WHAT THE TASK ASKS —
The lines to be extracted begin at the line containing "Calvin Klein White" and end at the last line of the data below; copy them exactly and leave out the pictures.

[Caption-style text data]
______________________________

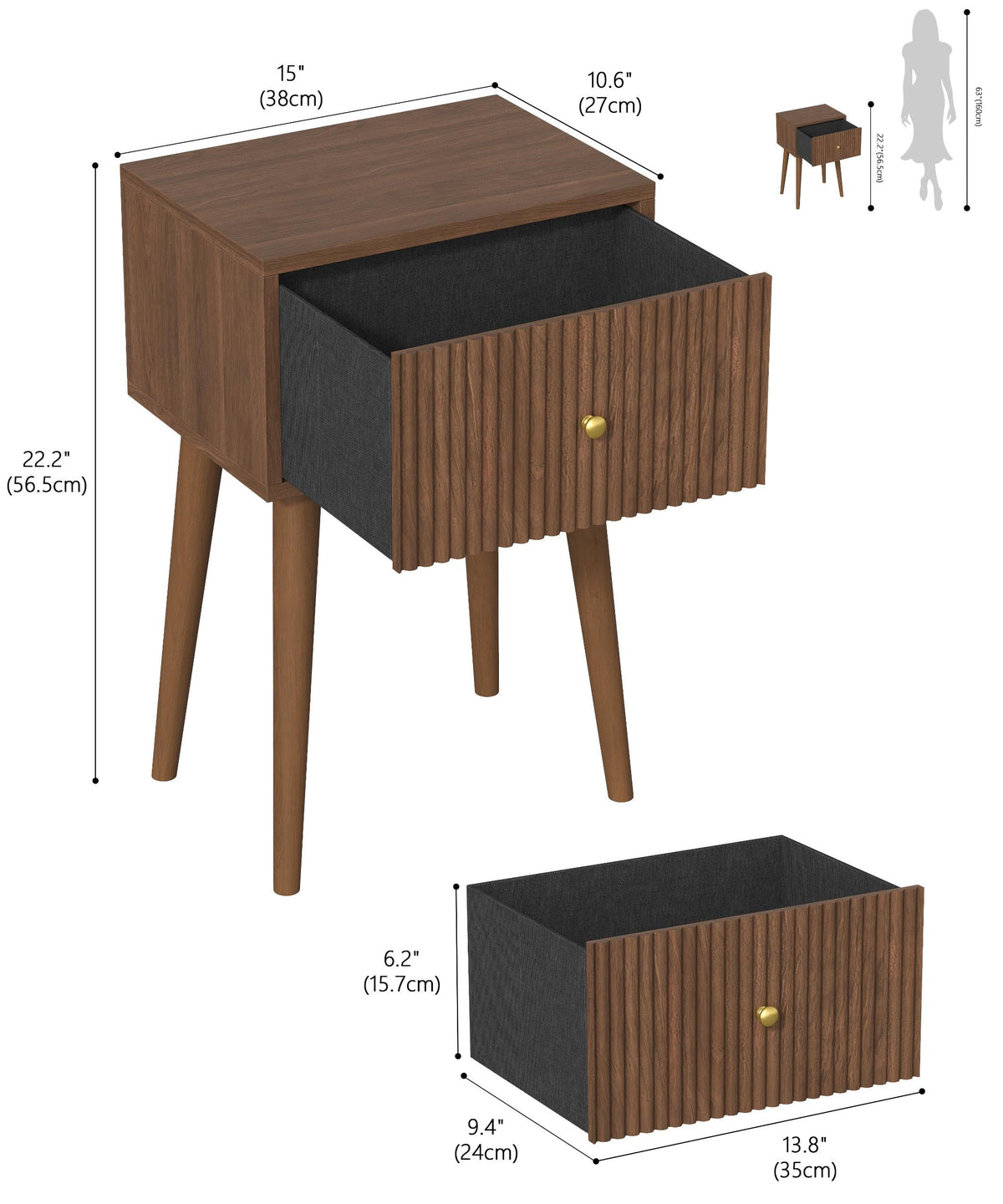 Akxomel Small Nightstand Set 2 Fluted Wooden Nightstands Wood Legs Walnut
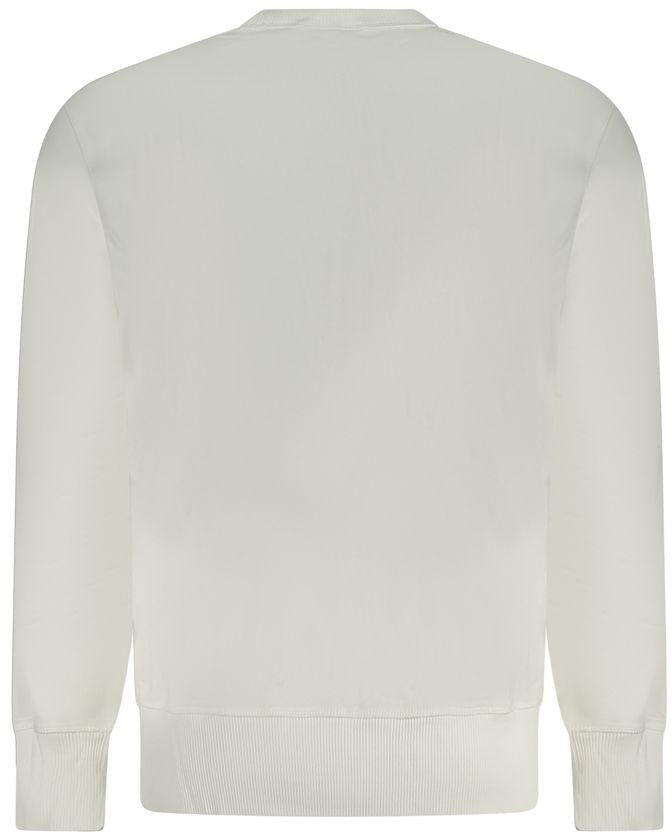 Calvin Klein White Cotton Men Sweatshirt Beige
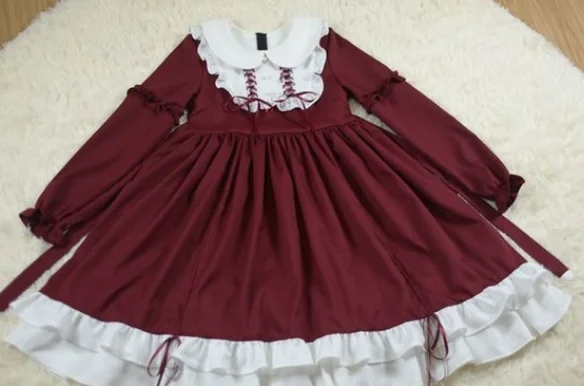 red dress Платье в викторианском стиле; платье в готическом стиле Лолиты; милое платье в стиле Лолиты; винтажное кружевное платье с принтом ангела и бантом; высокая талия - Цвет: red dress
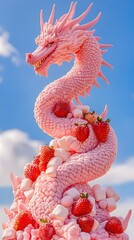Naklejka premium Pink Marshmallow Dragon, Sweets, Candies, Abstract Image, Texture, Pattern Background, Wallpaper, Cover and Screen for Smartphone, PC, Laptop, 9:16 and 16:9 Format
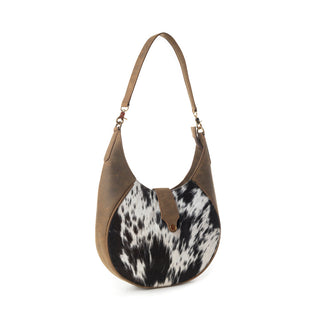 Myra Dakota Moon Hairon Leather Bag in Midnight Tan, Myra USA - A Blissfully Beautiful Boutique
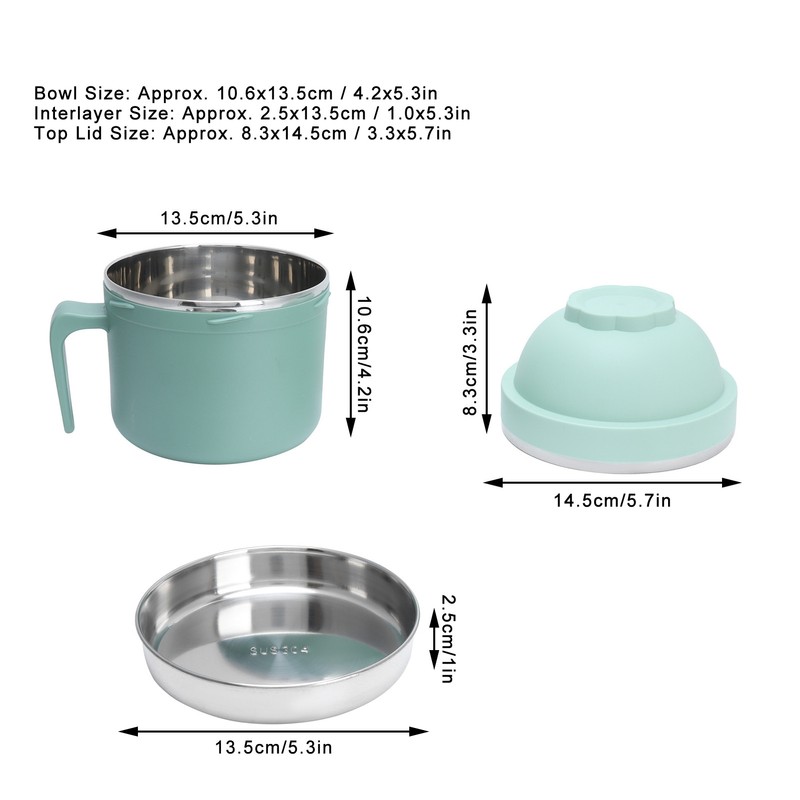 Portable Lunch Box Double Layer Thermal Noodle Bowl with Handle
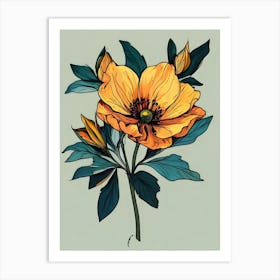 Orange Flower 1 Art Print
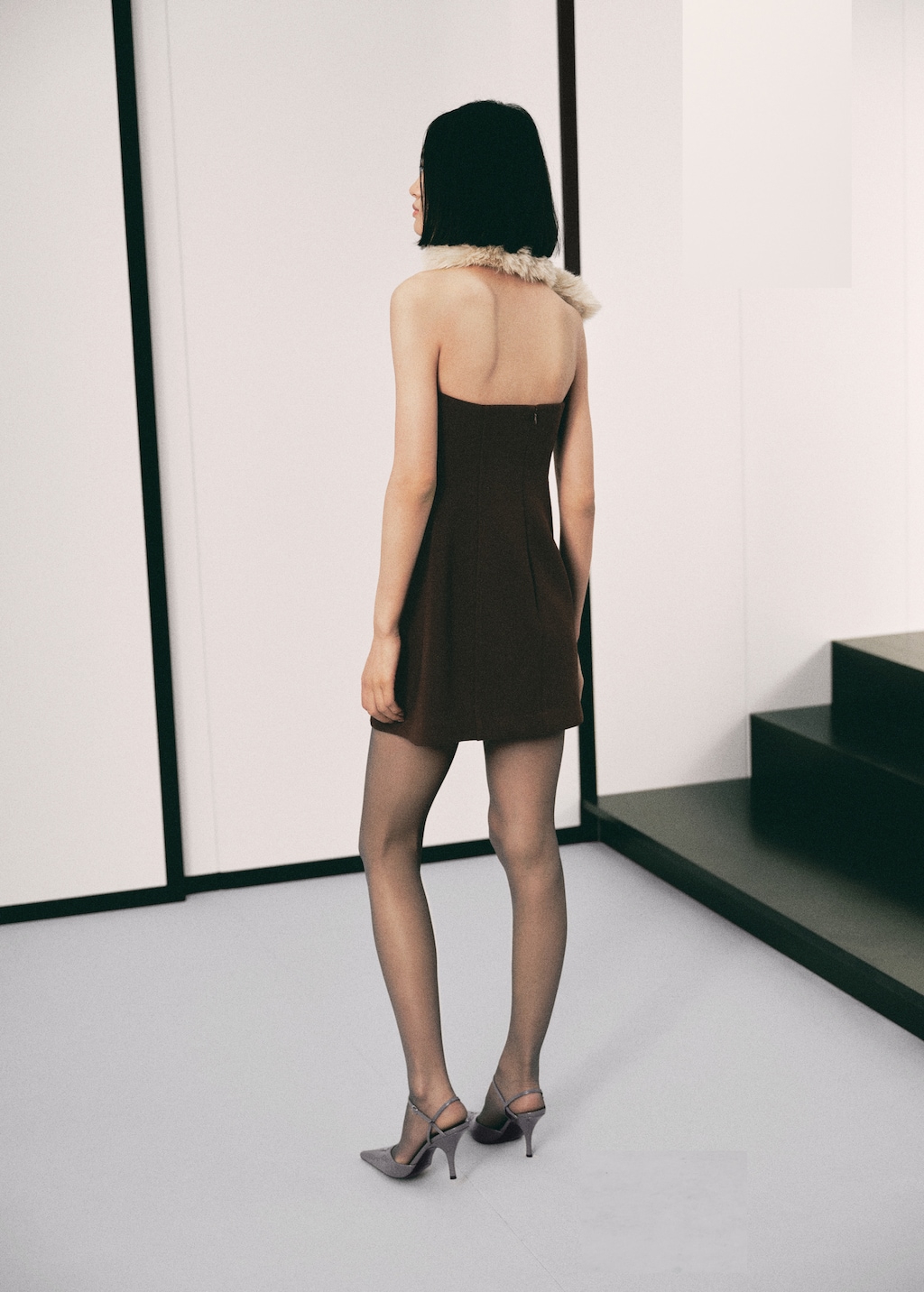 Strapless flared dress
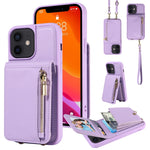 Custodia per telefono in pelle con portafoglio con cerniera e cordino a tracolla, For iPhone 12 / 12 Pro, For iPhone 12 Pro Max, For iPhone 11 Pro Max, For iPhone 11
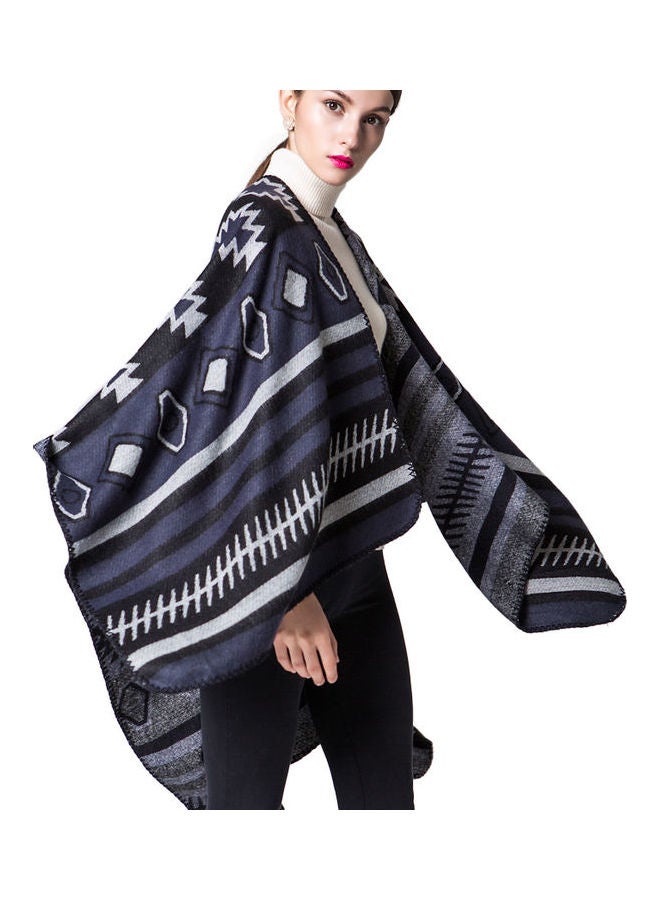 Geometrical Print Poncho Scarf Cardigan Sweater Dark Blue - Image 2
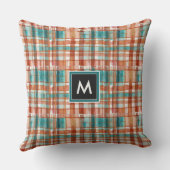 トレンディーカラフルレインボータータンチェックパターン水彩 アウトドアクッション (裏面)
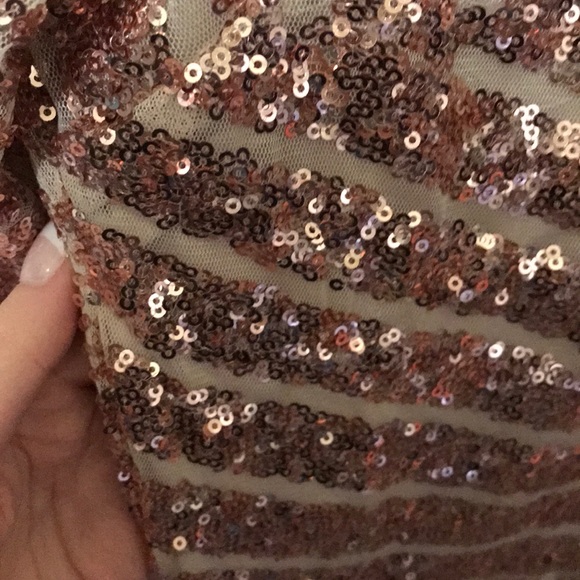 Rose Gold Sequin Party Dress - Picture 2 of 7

______________________________

OUTPUT —
 Calvin Klein White Cotton Men Sweatshirt Beige
 red dress Платье в викторианском стиле; платье в готическом стиле Лолиты; милое платье в стиле Лолиты; винтажное кружевное платье с принтом ангела и бантом; высокая талия - Цвет: red dress
Naklejka premium Pink Marshmallow Dragon, Sweets, Candies, Abstract Image, Texture, Pattern Background, Wallpaper, Cover and Screen for Smartphone, PC, Laptop, 9:16 and 16:9 Format
 Myra Dakota Moon Hairon Leather Bag in Midnight Tan, Myra USA - A Blissfully Beautiful Boutique
 Portable Lunch Box Double Layer Thermal Noodle Bowl with Handle
 Orange Flower 1 Art Print
 Strapless flared dress
 Custodia per telefono in pelle con portafoglio con cerniera e cordino a tracolla, For iPhone 12 / 12 Pro, For iPhone 12 Pro Max, For iPhone 11 Pro Max, For iPhone 11
 Geometrical Print Poncho Scarf Cardigan Sweater Dark Blue - Image 2
 トレンディーカラフルレインボータータンチェックパターン水彩 アウトドアクッション (裏面)
 Rose Gold Sequin Party Dress - Picture 2 of 7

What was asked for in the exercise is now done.